Web page caption snippets

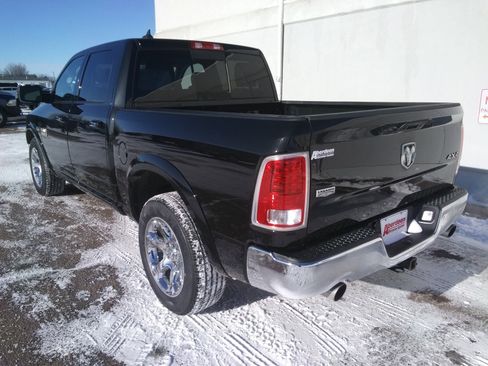 Used 2017 RAM 1500 Laramie w/ Convenience Group image 7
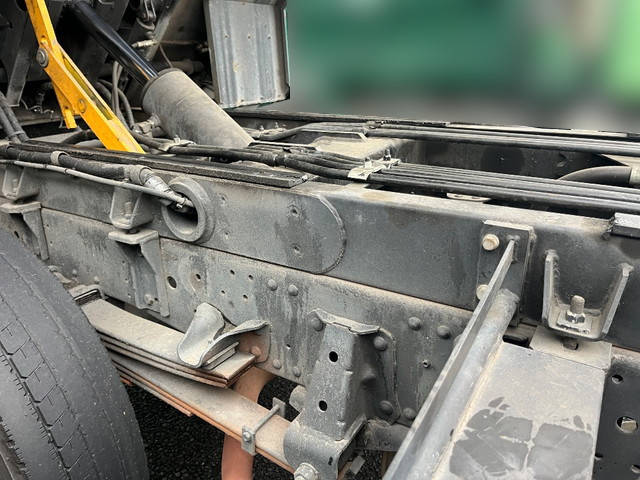 いすゞエルフパッカー車（塵芥車）小型（2t・3t）[写真25]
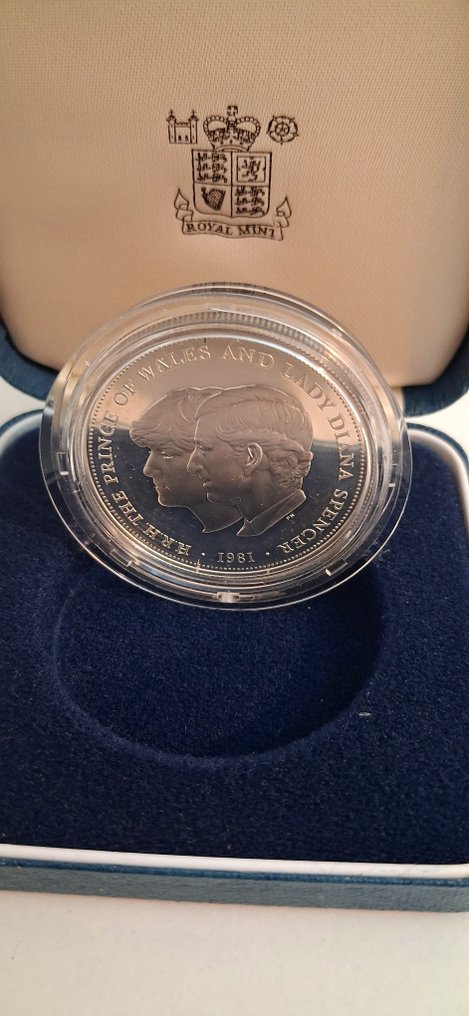 United Kingdom. Commemorative coin Émission commémorative (mariage Charles & Diana) / 1981  (No reserve price) #1.0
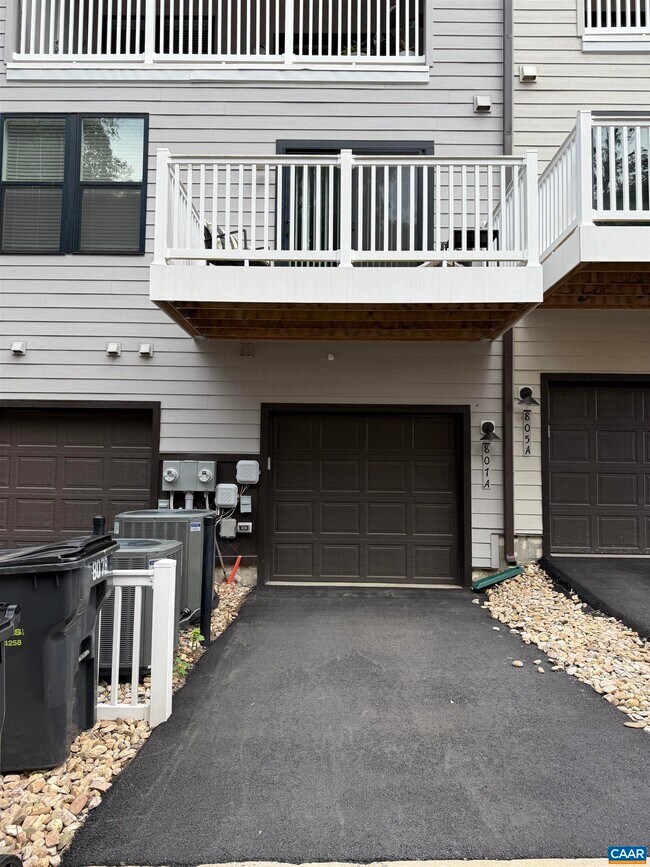 Foto del edificio - 807 Wesley Ln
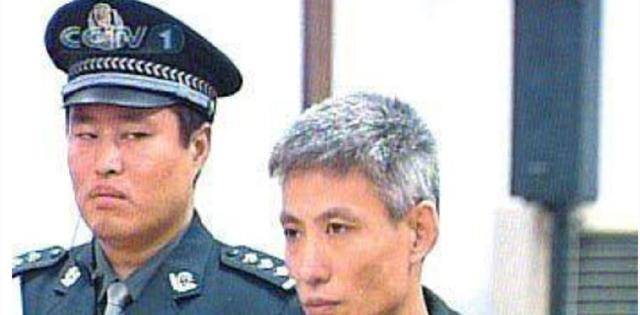 "教父"刘涌:与警察枪战,抽刘德华耳光,被捕时吞200颗安眠药_父母_儿子
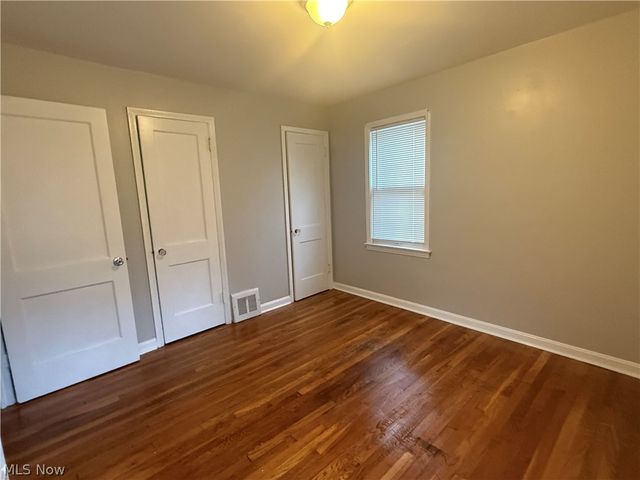 5469 Thomas Street, Maple Heights, OH 44137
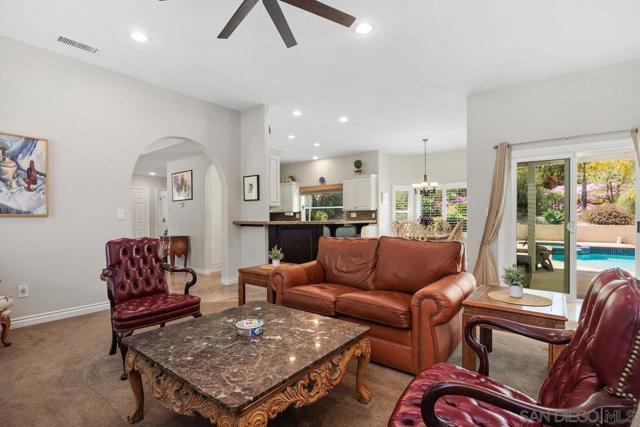 16274 COUNTRY DAY ROAD, Poway CA: https://media.crmls.org/mediaz/8464d7ba-bc1b-4ac4-9296-b6560159bd0d.jpg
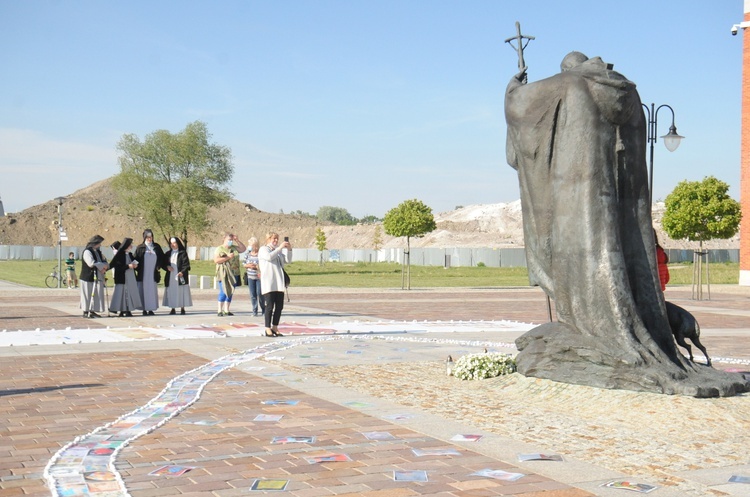 Obchody 100. rocznicy urodzin św. Jana Pawła II na Białych Morzach, cz. 3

## To do
Take the line containing "Foto del edificio - 807 Wesley Ln" as the first line and the last line of the data above as the final one, and output exactly the lines between them, inclusive, with no pictures.

## Your solution
 Foto del edificio - 807 Wesley Ln
 "教父"刘涌:与警察枪战,抽刘德华耳光,被捕时吞200颗安眠药_父母_儿子
 5469 Thomas Street, Maple Heights, OH 44137
 16274 COUNTRY DAY ROAD, Poway CA: https://media.crmls.org/mediaz/8464d7ba-bc1b-4ac4-9296-b6560159bd0d.jpg
 Obchody 100. rocznicy urodzin św. Jana Pawła II na Białych Morzach, cz. 3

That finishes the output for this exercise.